|photo: Armando Brown|
Family has always played an important role in the Cranberries’ lives and music.
So it’s no surprise that the seeds for their reunion tour were planted last January when singer Dolores O’Riordan received an honorary doctorate from Trinity College in Dublin. She invited former bandmates Noel and Mike Hogan (guitar and bass, respectively) to help with an acoustic set at that event. It was the first time they’d played together in six years.
This past summer, the brothers and drummer Fergal Lawler also attended a confirmation ceremony for O’Riordan’s son. After meeting their collective 11 children, she realized time had passed too quickly and decided the perfect time to regroup was now. A tour for her just-released solo album No Baggage was scrapped and the Irish band decided to start up shows in America.

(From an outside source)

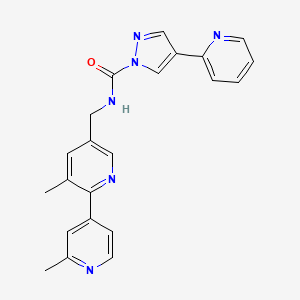 molecular formula C22H20N6O B12297545 N-((2',3-Dimethyl-[2,4'-bipyridin]-5-yl)methyl)-4-(pyridin-2-yl)-1H-pyrazole-1-carboxamide 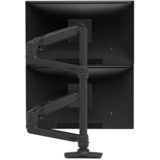 Ergotron LX Series LX Dual Stacking Arm, Tall Pole, Matte Black 101,6 cm (40") Negro Escritorio, Soporte de monitor negro, Tall Pole, Matte Black, Abrazadera, 20 kg, 101,6 cm (40"), 100 x 100 mm, Ajustes de altura, Negro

It was during the mid-’90s that the Cranberries’ mix of dreamy yet raucous and Celtic-tinged rock, often heightened by politically charged lyrics, made the biggest impact here. A mainstay on KROQ, the quartet racked up eight Top 20 singles on modern-rock radio and three multimillion-selling discs, including their second effort, No Need to Argue (1994), now certified seven times platinum.
Before doors opened for Friday night’s sold-out gig at Club Nokia, one usher mentioned that some rabid fans had waited in line at the L.A. Live entertainment complex since early afternoon. Talk about dedication and pent-up demand.
The last time the Cranberries played the area, at the Greek Theatre in July 2002, they seemed to go through the motions. Not this time around; there was a distinct joie de vivre that informed O’Riordan’s performance.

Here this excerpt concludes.